→ WHAT THE TASK ASKS
Copy every line of the data below exactly as given, except for the pictures.

→ SUPPLIED DATA
##########
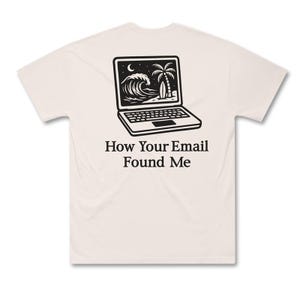 May include: Cream-colored t-shirt featuring a black graphic of a laptop displaying a beach scene with a wave, palm tree, and surfboard. The text "How Your Email Found Me" is printed below the laptop image. The shirt has short sleeves and a crew neck.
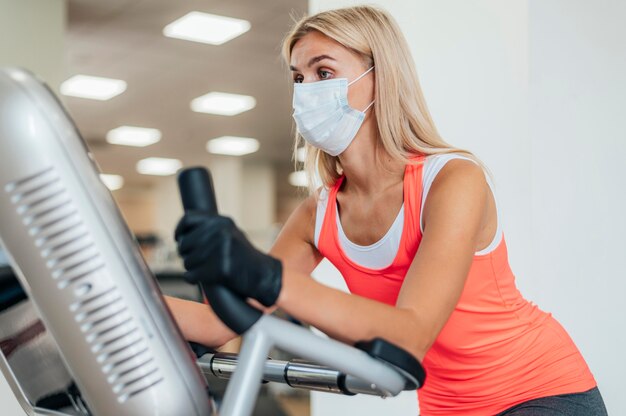 ジムで運動しているマスクと手袋を持つ女性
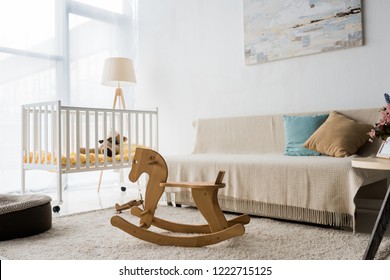 modern interior design of nursery room with crib and rocking horse chair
##########
→ TASK RESULT
 May include: Cream-colored t-shirt featuring a black graphic of a laptop displaying a beach scene with a wave, palm tree, and surfboard. The text "How Your Email Found Me" is printed below the laptop image. The shirt has short sleeves and a crew neck.
 ジムで運動しているマスクと手袋を持つ女性
 modern interior design of nursery room with crib and rocking horse chair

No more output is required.